Catalan nobleman (died 1380)

Boniface Fadrique was a Catalan nobleman active in Central Greece as lord of Karystos from 1359 until 1365 and then as Count of Salona and owner of various other fiefs in the Duchy of Athens from 1366 until his defeat in a conflict with his nephew Louis Fadrique in the late 1370s.

Boniface was the son of Alfonso Fadrique, vicar-general of the Duchy of Athens and the Duchy of Neopatras, and of Marulla of Verona, daughter of the baron of Karystos, Boniface of Verona. When Alfonso Fadrique died in 1338, Boniface inherited his mother's barony of Karystos and various other possessions across Attica. He remained in Sicily until 1359, when he came to Greece to claim them. In 1365 however he sold his barony of Karystos with all its possessions, including serfs, to Venice, which had long coveted it, for 6,000 ducats.

James Fadrique had also willed to his brother "all his rights and properties" in the Duchy of Athens, including the County of Salona with Loidoriki and Veteranitsa, but not Zetounion and Siderokastron, which passed to James' son Louis Fadrique. James also gave the island of Aegina to Boniface, who granted it to his son Peter. When James died in 1366, this left Boniface and his nephew Louis as the two most powerful lords in the Catalan domains. The two got on badly, as Louis challenged the cession of his father's domains to Boniface. Louis prevailed in the dispute: in 1375 he was recognized by Frederick III of Sicily as vicar-general of Athens and Neopatras, and in a clash between Louis and Boniface soon after, the former prevailed.
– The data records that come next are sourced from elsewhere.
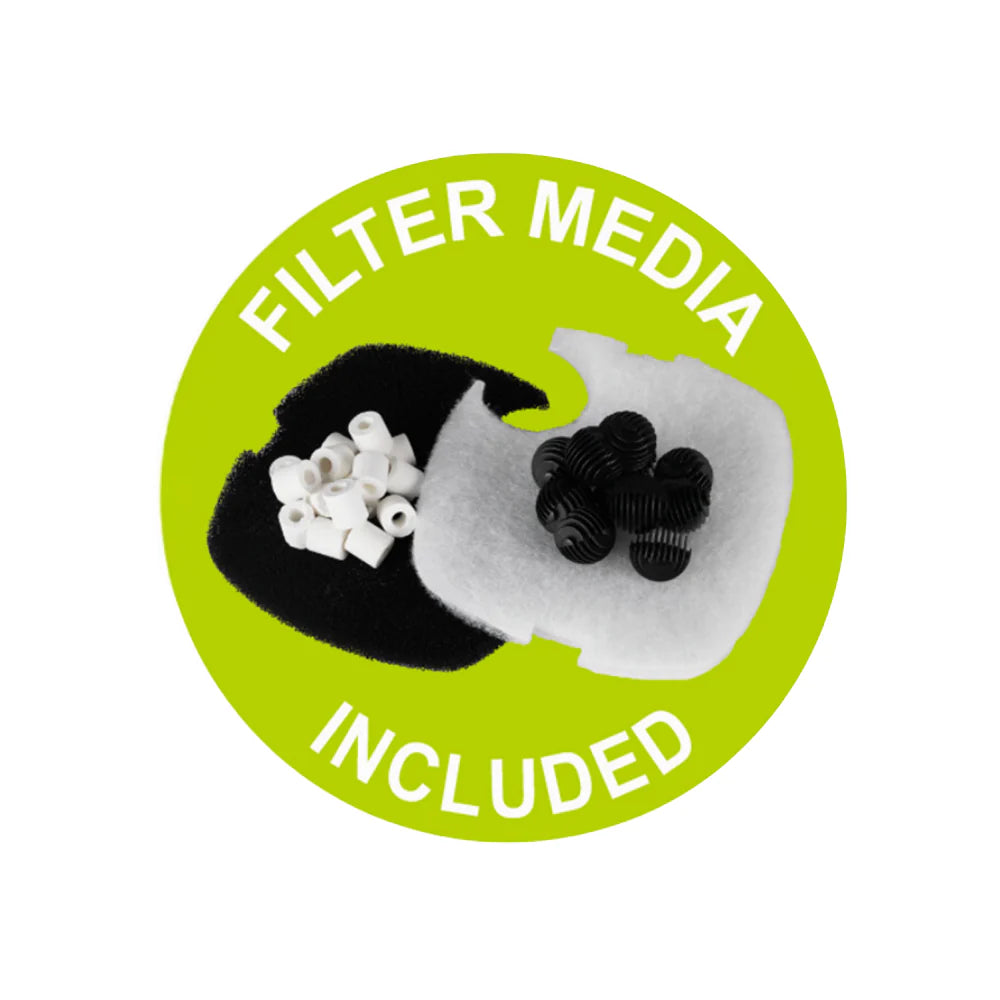 AllPondSolutions 1400L/H Aquarium External Filter 1400EF with EF Booster Unit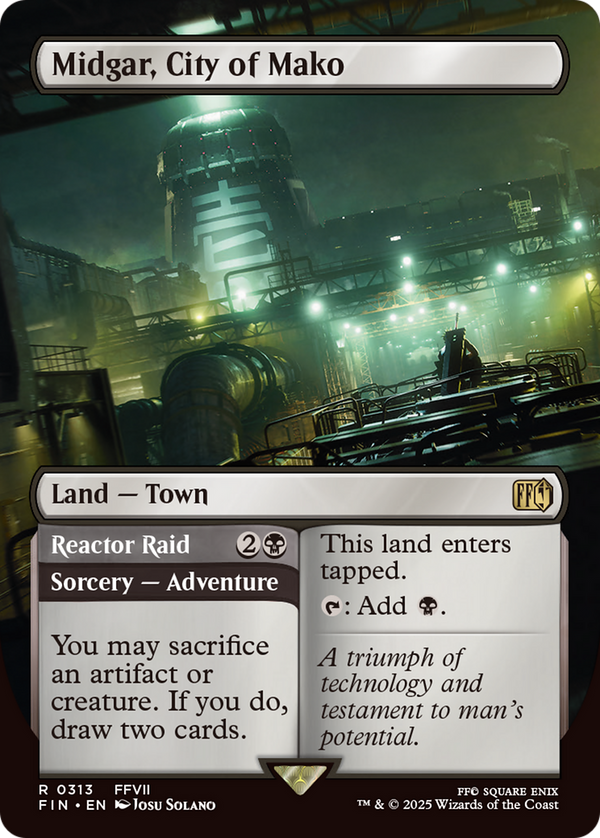 Midgar, City of Mako // Reactor Raid - Borderless (FIN)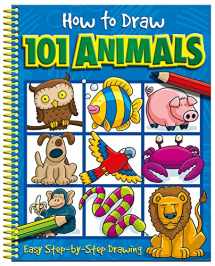 9781801055949-1801055947-How To Draw 101 Animals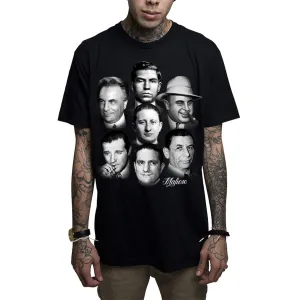 Born Killers Black Mens T-Shirt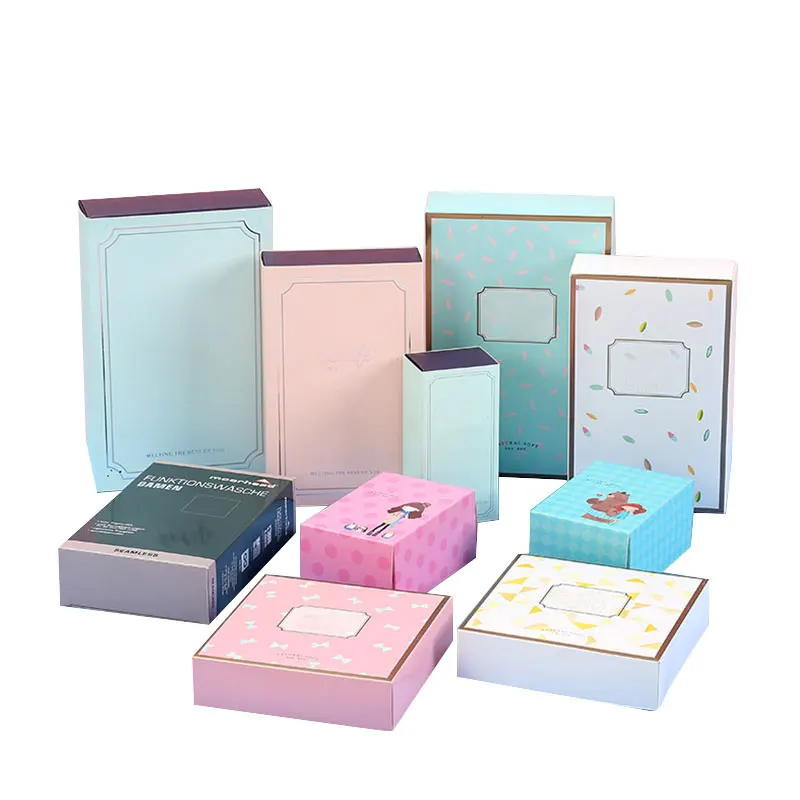 customized Printed large Corrugated pack craft carton Moving Shipping Boxes paper card mailer packaging box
Boniface's son Peter was sent to exile and imprisonment in Aragon, Louis confiscated their domains, while Boniface himself died sometime before September 1380. On 8 May 1381 Boniface's widow Dulcia and her other son, John, obtained a royal pardon for Boniface as well as the restoration of his confiscated properties from Peter IV of Aragon. It is unclear, however, whether they actually received possession of any of these domains.